The label phase opens an *interactive* learner where the user can mark the pairs found by **findTrainingData** phase as matches or non-matches. The **findTrainingData** phase generates edge cases for labeling and the label phase helps the user mark them.

`./zingg.sh --phase label --conf config.json <optional --showConcise=true|false>`

Proceed running **findTrainingData** followed by label phases till you have at least 30-40 positives, and when you see the predictions by Zingg converging with the output you want. At each stage, the user will get different variations of attributes across the records. Zingg performs pretty well with even a small number of training, as the samples to be labeled are chosen by the algorithm itself.

**How much training is enough**

The labelled data is the real configuration for Zingg, through which the different Zingg models get created. Heuristically, 30-40 matching records are a good start before you train and match. Actual numbers vary on the size of data, number of attributes, cluster sizes and performance needs.
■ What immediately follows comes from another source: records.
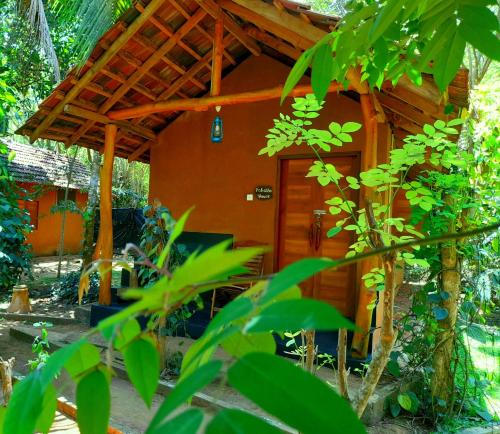 达瓦拉维Sandalwood Ayurvedic Spa & Safari Cottages的木头屋顶的小屋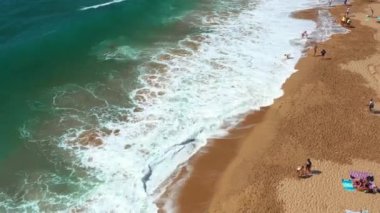 Aileler ve arkadaşlar kıyıda toplanarak, çöken dalgaların altında güneşli bir günün keyfini çıkarırken, kumdan kaleler inşa ediyor ve şemsiyelerin altında dinleniyorlar. Sahile gidenler yaz maceralarının tadını çıkarıyorlar..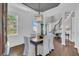 Open-concept dining room showcasing a dark wood table with seating, a decorative chandelier, and views of the staircase and foyer at 2340 Salt Wind Way, Mount Pleasant, SC 29466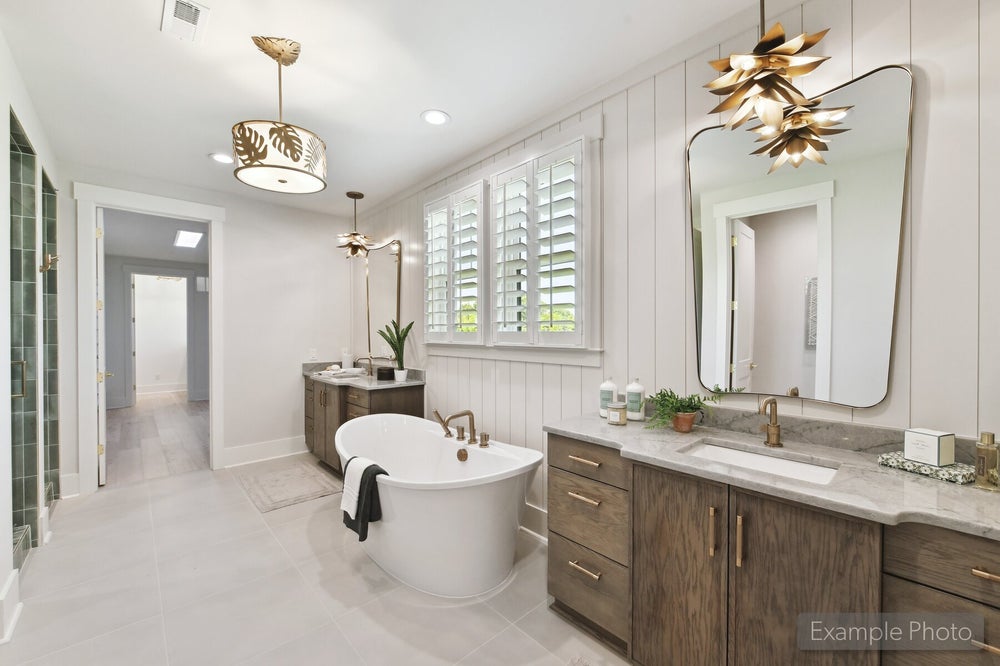 Master bathroom with freestanding soaking tub, wood vanities, marble countertops, and decorative gold pendant lights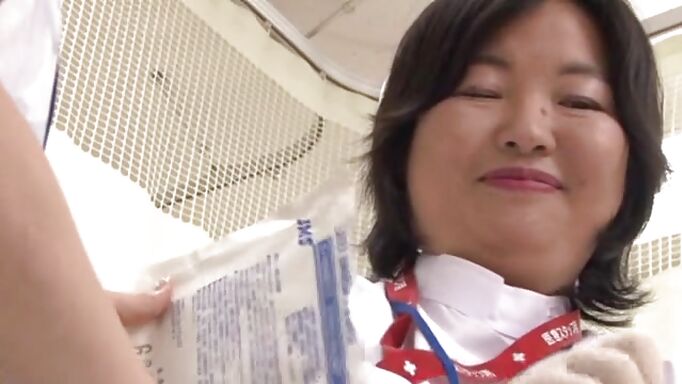 Japanese Nurse Comforts Her Patient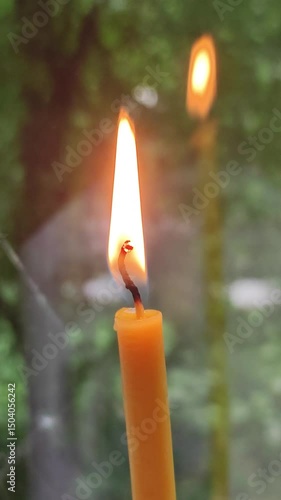 Single Candle Flame Glowing Warmly with Reflection in Rainy Window
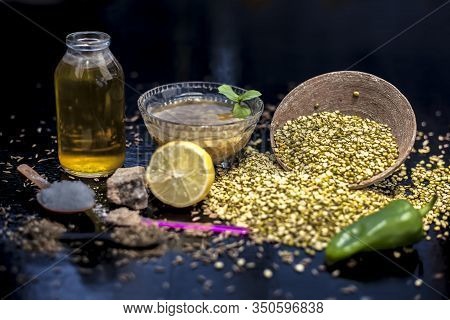 Close Up Of Mung Dal Soup In Glass Bowl Along With Entire Constituents With It Which Are Mung Bean,g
More training, like going to 500-1000 matches, will surely help with performance on almost any dataset. Point to remember here is - Is the effort worth it :smile:

![Shows records and asks user to mark yes, no, can't say on the cli.](https://524808071-files.gitbook.io/~/files/v0/b/gitbook-x-prod.appspot.com/o/spaces%2FGh6QkdUgeylq0gyuMmBw%2Fuploads%2Fgit-blob-cf3181376aa6b90efb764bbe1f4340e2c210edf4%2Flabelvertical.gif?alt=media)

The **showConcise** flag when passed to the Zingg command line only shows fields which are **NOT DONT\_USE**


---

# Agent Instructions: Querying This Documentation

If you need additional information that is not directly available in this page, you can query the documentation dynamically by asking a question.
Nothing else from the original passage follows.